For this item, repeat the material exactly while omitting its pictures.

──────── Given data ────────

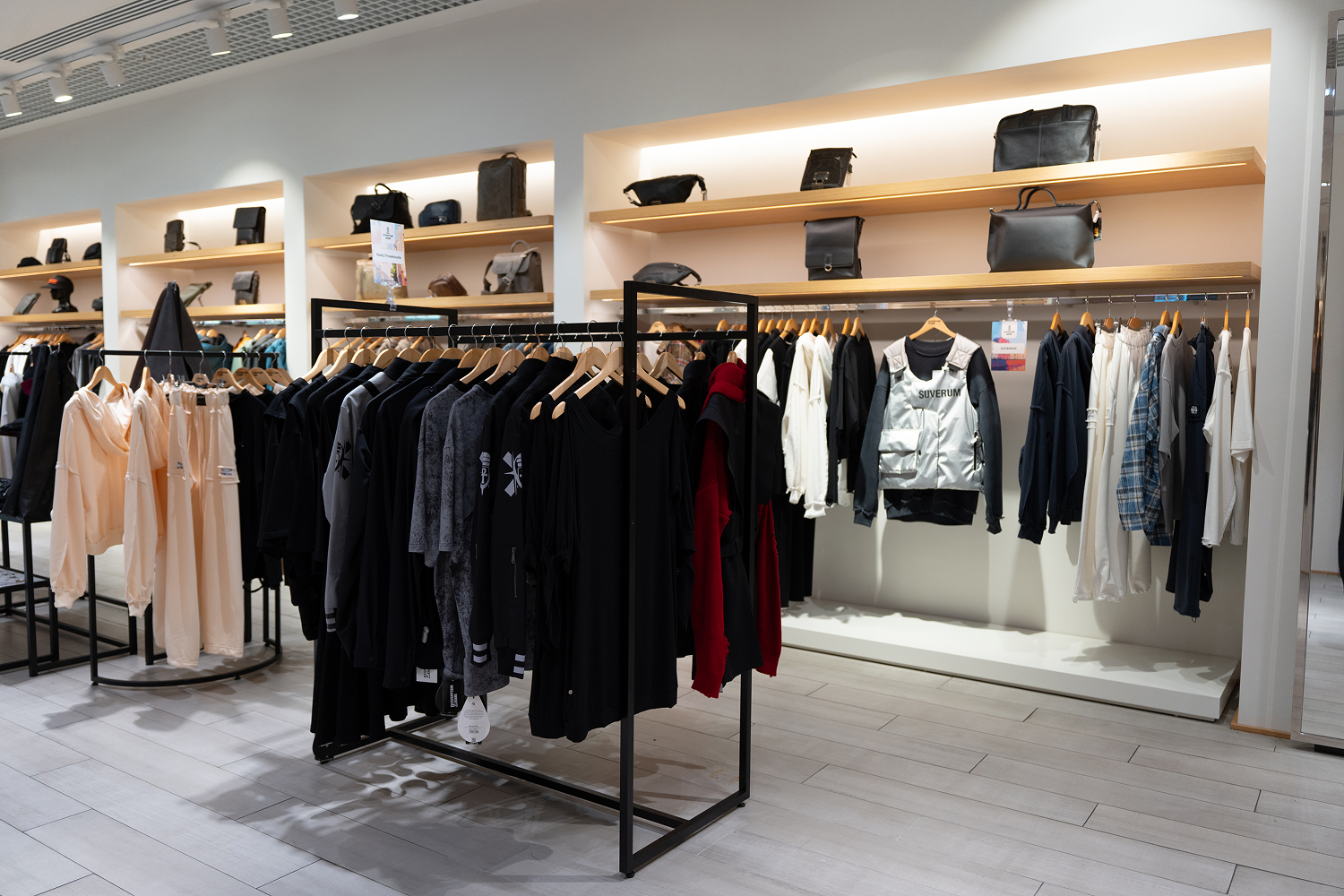 Петербургский дизайн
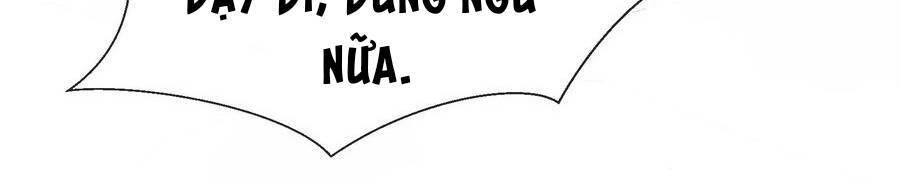 Nhìn Thấy Thanh Máu, Ta Xử Tội Thần Linh Chapter 101 - Trang 2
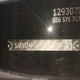 5J8YD4H32HL002051 2017 Acura Mdx auction photo thumbnail 9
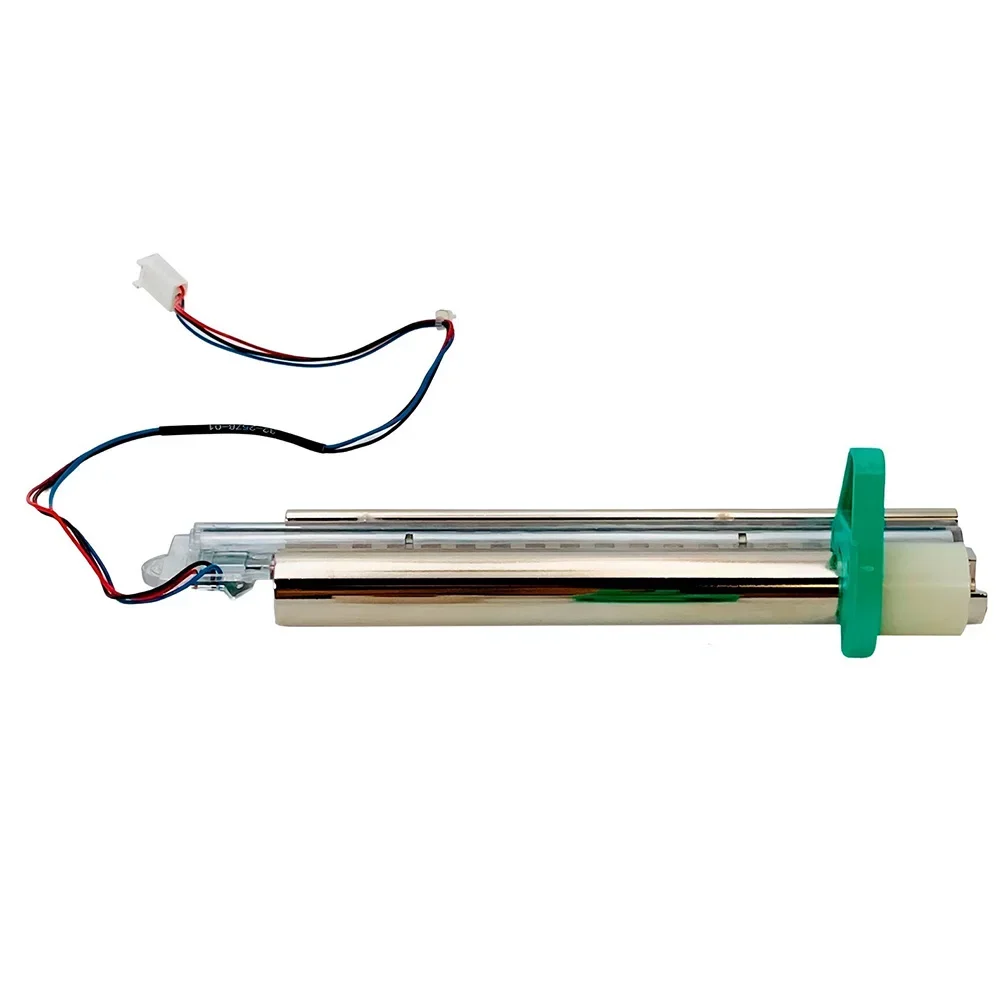 DPR78 2712 01 Media Sensor Kit for Datamax-O'Neil H4212X H4310 H4310X H4408 H4606 H4606X H6210 H6308 H6212X Label Printers
DPR78 2712 01 Media Sensor Kit for Datamax-O'Neil H4212X H4310 H4310X H4408 H4606 H4606X H6210 H6308 H6212X Label Printers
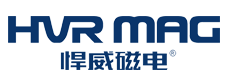 一級(jí)建造師培訓(xùn)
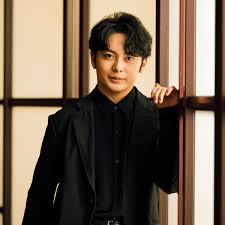 Image result for 中村X68K魔玉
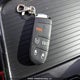 2C3CCAGG2FH854056 2015 Chrysler 300 S auction photo thumbnail 11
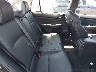 JF1GPAW65FH****** Wrecked 2015 Subaru Impreza in Minneapolis South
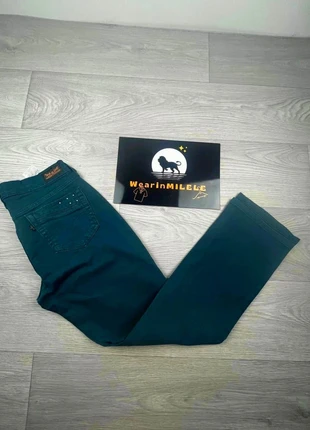 Jeans Levis Taille 28X32, brand: Levi's, condition: Very good, size: S / 36 / 8, €19.90, €21.60 includes Buyer Protection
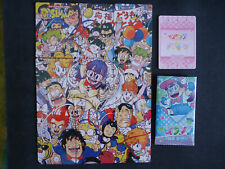 Full puzzle collection d'occasion  Caluire-et-Cuire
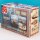 Jaws Tubbz Vehicle PVC Figur Orca Boat Bundle 13 cm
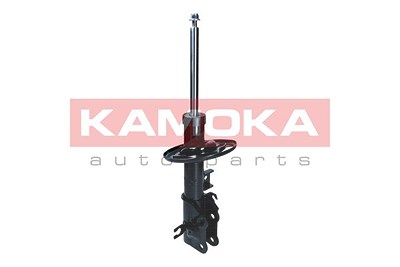 Kamoka Stoßdämpfer [Hersteller-Nr. 2001080] für Mazda von KAMOKA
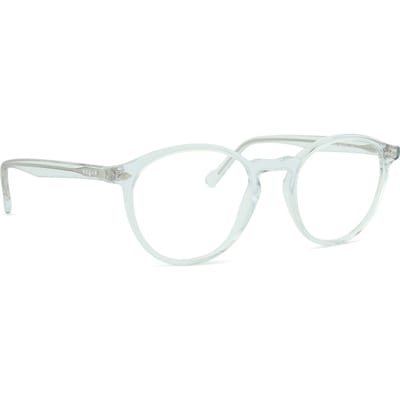 Vogue 0VO5367 W745 50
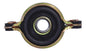 Rodamiento Cardan Chevrolet N400 Max 1.5 2020 2023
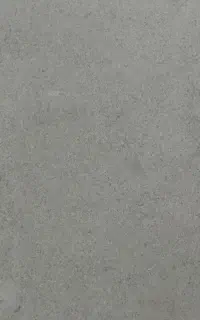 سنگ اپن. سالم رنگ طوسی به ابعاد ۱۴۰×۵۰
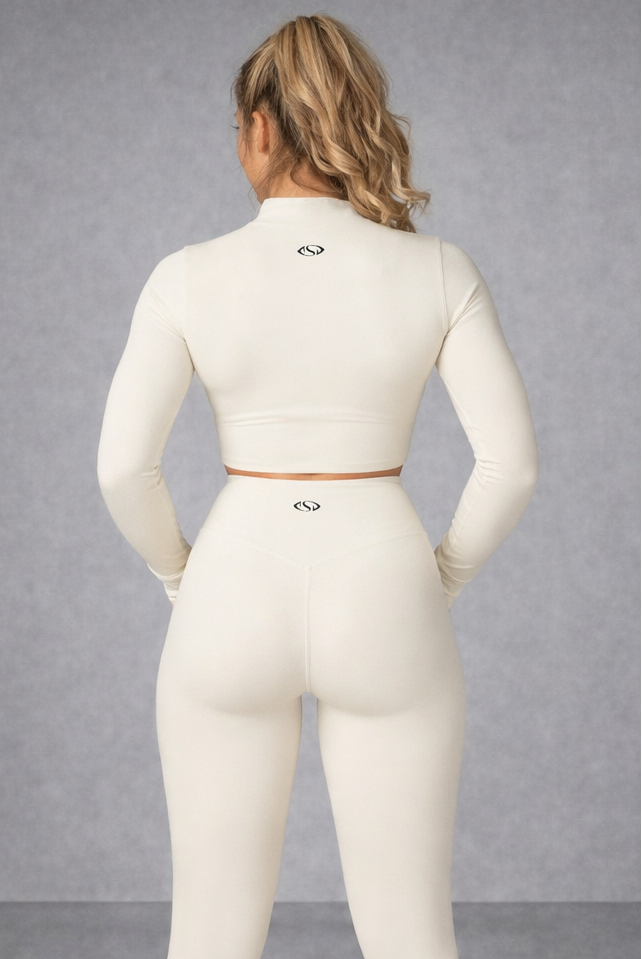 Limit Breaker Leggings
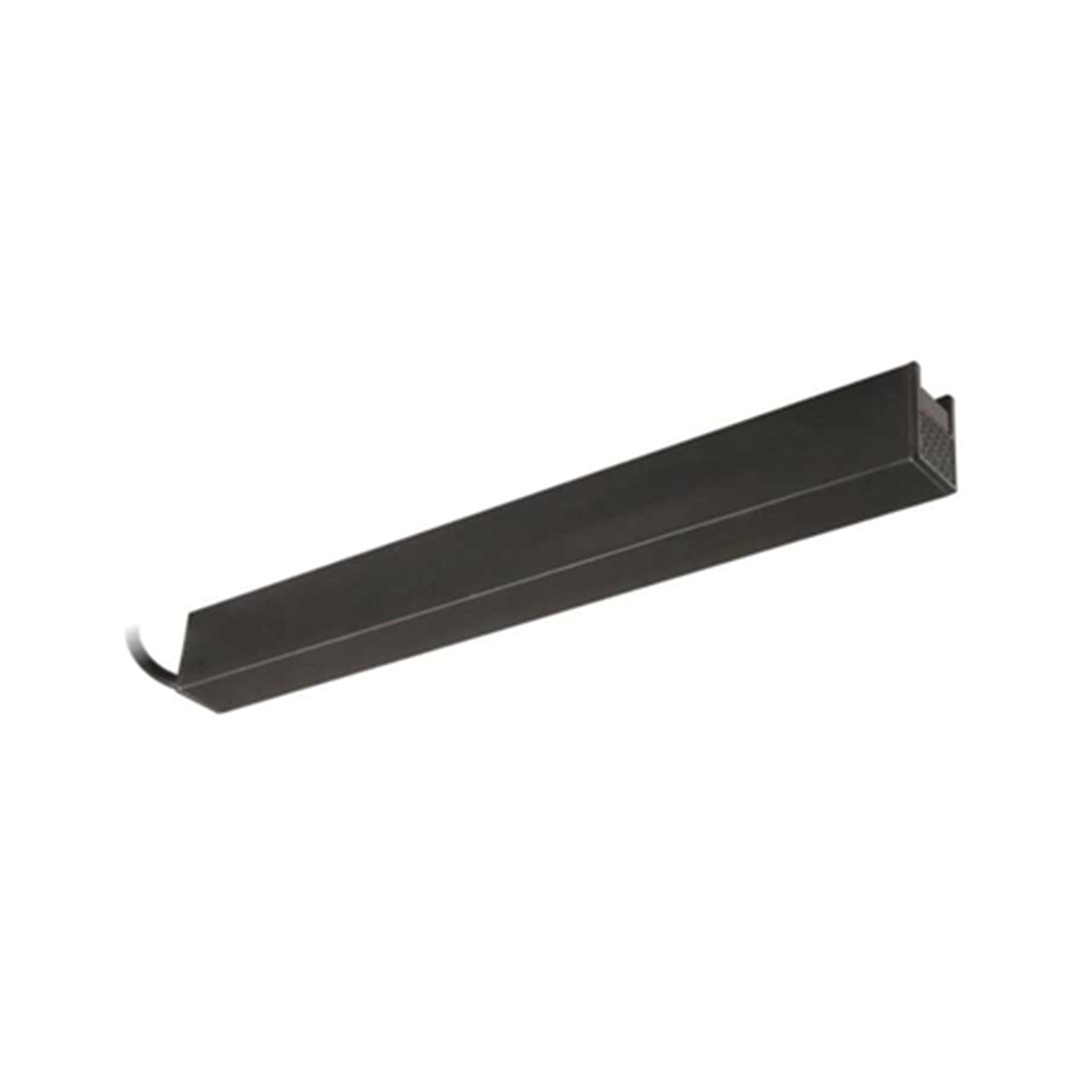 360W Magnet Driver (Black Body) 360W Magnet Trafo (Siyah Kasa)
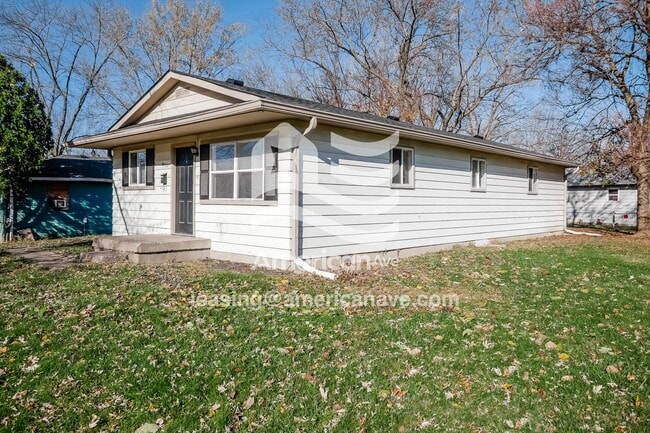 Photo - 4053 Arquette Dr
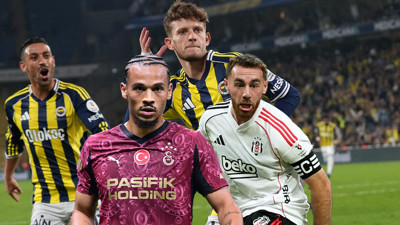 Transfermarkt verilerine göre hangisi daha pahalı?
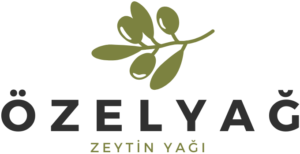 Özel Yağ Zeytinyağı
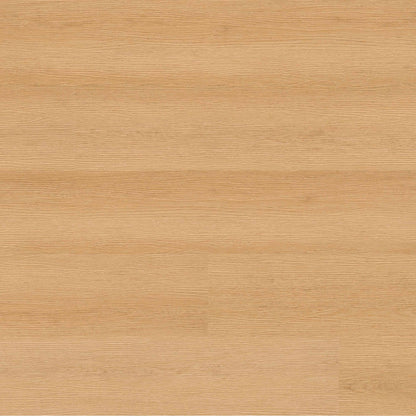 MSI Everlife Studio Roswell 9" x 48" Waterproof Luxury Vinyl Plank (9mm / 30 MIL)
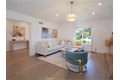 Additional image 6 of 28317 Seamount Dr, Rancho Palos Verdes, CA, 90275
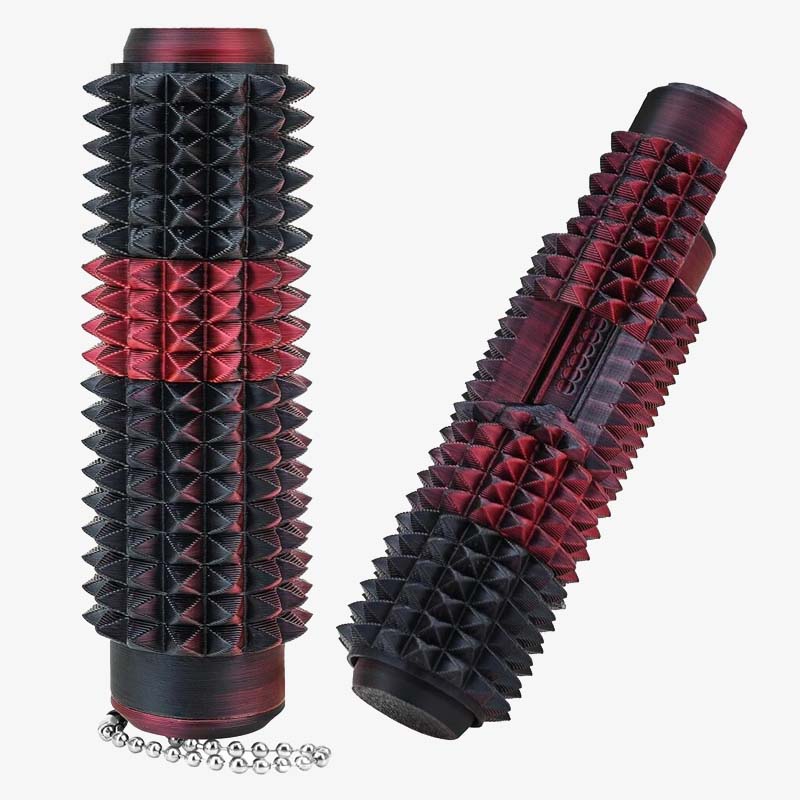 Giocattoli antistress Mini Grippie 🔥Saldi natalizi 49% di sconto🎄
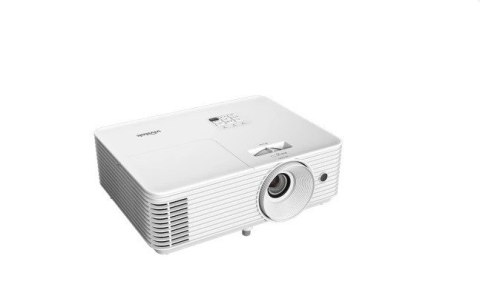 Projektor DW350 DLP WXGA 4000lm Projektor DW350 DLP WXGA 4000lm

────────

Output>
 Петербургский дизайн
 Nhìn Thấy Thanh Máu, Ta Xử Tội Thần Linh Chapter 101 - Trang 2
 5J8YD4H32HL002051 2017 Acura Mdx auction photo thumbnail 9
 DPR78 2712 01 Media Sensor Kit for Datamax-O'Neil H4212X H4310 H4310X H4408 H4606 H4606X H6210 H6308 H6212X Label Printers
DPR78 2712 01 Media Sensor Kit for Datamax-O'Neil H4212X H4310 H4310X H4408 H4606 H4606X H6210 H6308 H6212X Label Printers
 一級(jí)建造師培訓(xùn)
 Image result for 中村X68K魔玉
 2C3CCAGG2FH854056 2015 Chrysler 300 S auction photo thumbnail 11
 JF1GPAW65FH****** Wrecked 2015 Subaru Impreza in Minneapolis South
 Jeans Levis Taille 28X32, brand: Levi's, condition: Very good, size: S / 36 / 8, €19.90, €21.60 includes Buyer Protection
 Full puzzle collection d'occasion  Caluire-et-Cuire
 Jaws Tubbz Vehicle PVC Figur Orca Boat Bundle 13 cm
 Kamoka Stoßdämpfer [Hersteller-Nr. 2001080] für Mazda von KAMOKA
 Vogue 0VO5367 W745 50
 Rodamiento Cardan Chevrolet N400 Max 1.5 2020 2023
 سنگ اپن. سالم رنگ طوسی به ابعاد ۱۴۰×۵۰
 Limit Breaker Leggings
 360W Magnet Driver (Black Body) 360W Magnet Trafo (Siyah Kasa)
 Photo - 4053 Arquette Dr
 Transfermarkt verilerine göre hangisi daha pahalı?
 Özel Yağ Zeytinyağı
 MSI Everlife Studio Roswell 9" x 48" Waterproof Luxury Vinyl Plank (9mm / 30 MIL)
 Additional image 6 of 28317 Seamount Dr, Rancho Palos Verdes, CA, 90275
 Giocattoli antistress Mini Grippie 🔥Saldi natalizi 49% di sconto🎄
 Projektor DW350 DLP WXGA 4000lm Projektor DW350 DLP WXGA 4000lm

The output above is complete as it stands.